Sumant Tambe (17) [Avatar] Offline
#1
I thought the memoize_helper template is too complicated and might detract the readers from considering/using memoization. There're alternative simpler implementations of the idea. What do you think of http://cpptruths.blogspot.com/2012/01/general-purpose-automatic-memoization.html
Ivan Cukic (99) [Avatar] Offline
#2
Hi Sumant,

Thanks for the link. I'll be putting it in the 'futher reading' section as the alternative implementation.

While it does make some things simpler, I'm not very fond of using `std::function` and static maps for this.

The reason why I went for the solution presented in the book is that it uses only the things I covered in the book before - function objects, thread-safe const call operator, etc.

Cheers,
Ivan

p.s. Cool idea adding the Cache::RECLAIM. smilie
Sumant Tambe (17) [Avatar] Offline
#3
At the risk of annoying you, I want to mention that the approach can be simplified that does not use std::function or static maps. The new approach still depends on static state that is well encapsulated. On the plus side, the implementation fits in 20 lines code. Here's live code: https://wandbox.org/permlink/3Qu57z15xMBRVijR

Thoughts?
Ivan Cukic (99) [Avatar] Offline
#4
> At the risk of annoying you

No risk of that - I love useful contributions. If KDE users were as helpful when reporting bugs, my life would be much better smilie

> I want to mention that the approach can be
> simplified that does not use std::function or static maps.

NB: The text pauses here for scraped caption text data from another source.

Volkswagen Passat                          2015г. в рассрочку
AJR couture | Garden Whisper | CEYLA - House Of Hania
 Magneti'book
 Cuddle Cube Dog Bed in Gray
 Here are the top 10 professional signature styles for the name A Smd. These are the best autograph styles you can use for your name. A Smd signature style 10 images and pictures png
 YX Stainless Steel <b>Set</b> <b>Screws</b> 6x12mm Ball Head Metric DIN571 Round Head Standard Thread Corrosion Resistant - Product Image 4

I like this one much better than the previous solution.

As far as the implementation goes, I would make the call operator `const`. Memoization is an implementation detail, and the absence of `const` hints that something is being mutated while it should not - fib is a pure function. This would also need the recursive mutex to guard the changes.

The reason I am not fond of the `static` part is that it reuqires manual memory management. Namely, the user of the function needs to remember to call the `STATIC_MEMOIZER_CLEAR`. The non-static version clears up the cache as soon as the function object gets destroyed.

Now, I'm not saying that static cache does not have its advantages, and that I would not use it in my own code to have a greater control over the cache, but I'm trying to advocate safety before control.

Can you add this solution to your blog post for completeness? I think it is quite beneficial as the "further reading".